Fernanda Ferreira, professora de Artes do Centro Socioeducativo Edson Mota (CSE) e atriz interpretou Carolina Maria de Jesus, na inauguração. Ela conseguiu trazer para cena a mulher negra, catadora de lixo, que fez da sua vida um livro de histórias. “Fiquei super feliz como mulher, negra oriunda do meio popular, interpretar Carolina”, disse, ressaltando estar encantada com o legado da escritora e orgulhosa com a força dessa mulher que conseguiu, catando lixo, montar uma biblioteca na sua casa de alvenaria em uma favela e se superar.
Quem é – Carolina Maria de Jesus foi uma escritora brasileira, conhecida por seu livro Quarto de Despejo: Diário de uma Favelada, publicado em 1960. Foi uma das primeiras escritoras negras do Brasil.
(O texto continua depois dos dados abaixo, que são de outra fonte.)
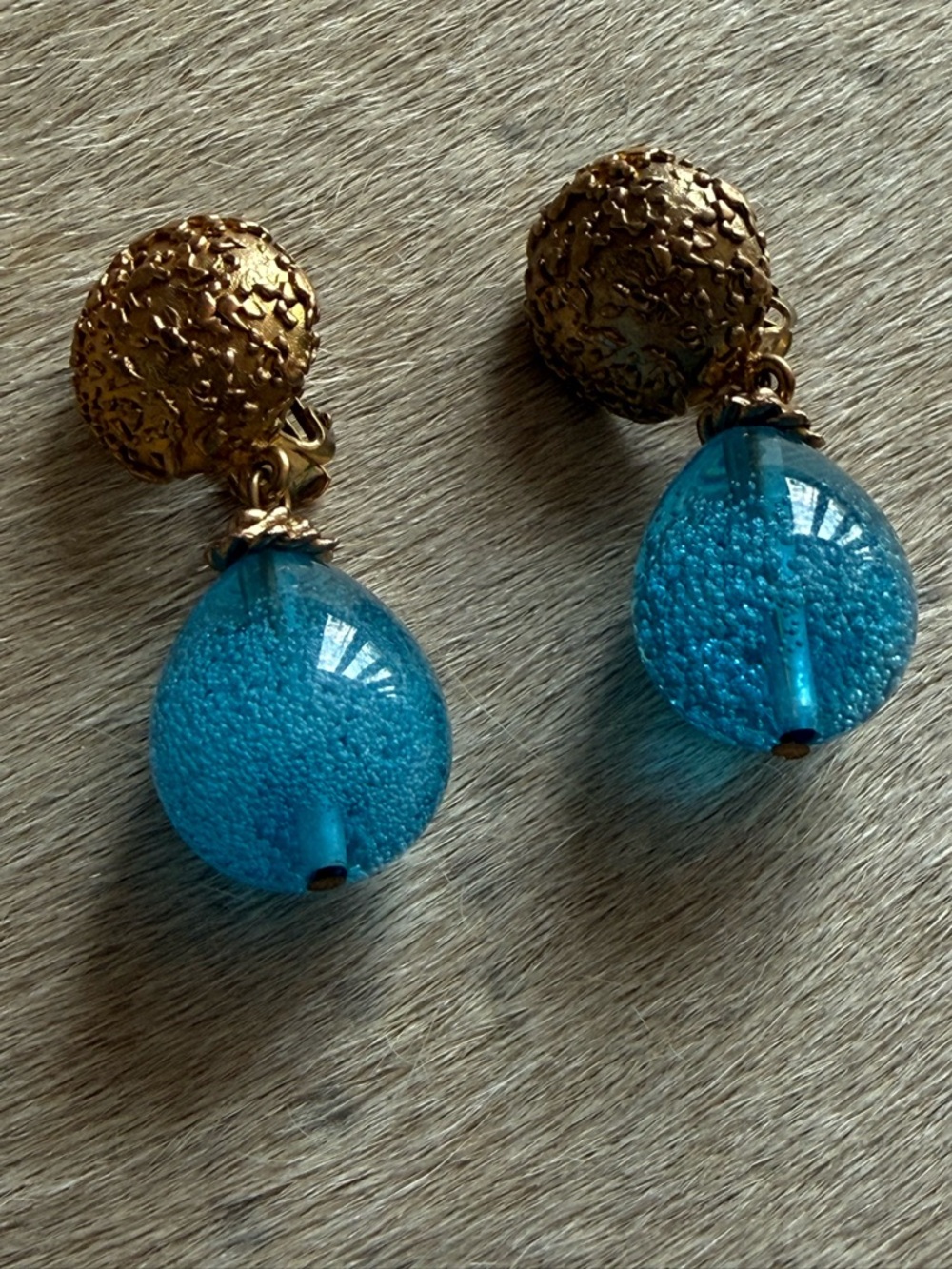 Gold-Tone Clip-On Earrings with Aqua Blue Teardrop Glass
A autora viveu boa parte de sua vida na favela do Canindé, na zona norte de São Paulo, sustentando a si mesma e seus três filhos como catadora de papéis. Em 1958, tem seu diário publicado sob o nome Quarto de Despejo, com auxílio do jornalista Audálio Dantas. O livro fez um enorme sucesso e chegou a ser traduzido para 14 línguas. Carolina de Jesus era também compositora e poetisa. Sua obra permanece objeto de diversos estudos, tanto no Brasil quanto no exterior.